At 6 months following his injury, Tumble’s owners reported they were very pleased with his outcome and level of comfort and function at home!
Note from Dr. Buzby
I hope this article from Dr. Carr Benson gave you hope and equipped you with the information you need to advocate for your dog. While l still firmly believe that surgery is the gold standard treatment for ACL tears, the interventions Dr. Carr Benson discussed can make a huge difference for your dog’s comfort and recovery in cases where surgery isn’t an option.
About the author
Dr. Britt Carr Benson is a diplomate of the American College of Veterinary Sports Medicine and Rehabilitation. She earned her Bachelor of Science in biology from Furman University in Greenville, South Carolina. She then attended the Virginia-Maryland College of Veterinary Medicine at Virginia Tech in Blacksburg, Virginia.
After earning her Doctor of Veterinary Medicine, Dr.
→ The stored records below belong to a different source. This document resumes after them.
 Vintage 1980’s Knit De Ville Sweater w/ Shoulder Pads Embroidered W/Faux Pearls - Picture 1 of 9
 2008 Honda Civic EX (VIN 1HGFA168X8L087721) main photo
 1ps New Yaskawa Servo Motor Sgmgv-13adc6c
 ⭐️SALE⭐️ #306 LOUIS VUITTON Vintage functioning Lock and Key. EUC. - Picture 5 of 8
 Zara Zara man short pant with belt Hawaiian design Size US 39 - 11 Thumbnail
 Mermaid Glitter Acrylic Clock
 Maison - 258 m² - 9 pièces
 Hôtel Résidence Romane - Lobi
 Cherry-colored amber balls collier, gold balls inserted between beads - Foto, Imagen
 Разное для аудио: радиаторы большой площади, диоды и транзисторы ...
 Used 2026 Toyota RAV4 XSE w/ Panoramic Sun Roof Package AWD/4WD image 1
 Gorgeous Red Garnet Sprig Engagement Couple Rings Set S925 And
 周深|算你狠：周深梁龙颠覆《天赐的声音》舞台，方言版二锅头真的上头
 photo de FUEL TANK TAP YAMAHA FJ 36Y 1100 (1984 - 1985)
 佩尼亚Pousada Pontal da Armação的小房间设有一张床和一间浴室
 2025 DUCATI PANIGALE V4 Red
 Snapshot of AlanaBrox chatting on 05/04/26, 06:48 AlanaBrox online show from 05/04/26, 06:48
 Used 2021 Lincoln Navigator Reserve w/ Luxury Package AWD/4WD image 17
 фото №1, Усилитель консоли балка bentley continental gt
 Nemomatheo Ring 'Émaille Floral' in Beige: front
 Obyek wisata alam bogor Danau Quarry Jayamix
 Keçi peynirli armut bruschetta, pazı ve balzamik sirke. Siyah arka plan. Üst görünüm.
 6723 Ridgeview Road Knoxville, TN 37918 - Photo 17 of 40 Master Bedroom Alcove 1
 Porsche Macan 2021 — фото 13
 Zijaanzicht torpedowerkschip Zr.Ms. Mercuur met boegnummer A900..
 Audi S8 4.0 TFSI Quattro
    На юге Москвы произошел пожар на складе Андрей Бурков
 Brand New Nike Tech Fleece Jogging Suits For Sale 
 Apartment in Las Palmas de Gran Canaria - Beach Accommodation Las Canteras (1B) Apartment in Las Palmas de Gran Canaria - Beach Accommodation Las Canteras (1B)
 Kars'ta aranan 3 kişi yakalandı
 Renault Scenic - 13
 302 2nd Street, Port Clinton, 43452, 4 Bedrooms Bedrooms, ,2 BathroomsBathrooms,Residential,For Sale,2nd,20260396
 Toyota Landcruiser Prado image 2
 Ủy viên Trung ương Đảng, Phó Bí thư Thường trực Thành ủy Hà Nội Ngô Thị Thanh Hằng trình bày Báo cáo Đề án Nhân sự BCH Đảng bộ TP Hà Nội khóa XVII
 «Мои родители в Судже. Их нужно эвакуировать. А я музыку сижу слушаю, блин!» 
Carr Benson completed a small animal rotating internship at the Animal Specialty Group in Los Angeles, California followed by a small animal surgery and sports medicine internship at Veterinary Orthopedic and Sports Medicine Group (VOSM) in Maryland. She then remained at VOSM to complete a residency in canine sports medicine and rehabilitation. During her residency, Dr. Carr Benson attended the Canine Rehabilitation Institute and is also a Certified Canine Rehabilitation Therapist.
She has co-authored dozens of peer-reviewed publications and several textbook chapters. She is a national speaker and instructor as well as a recipient of many awards and honors for her work.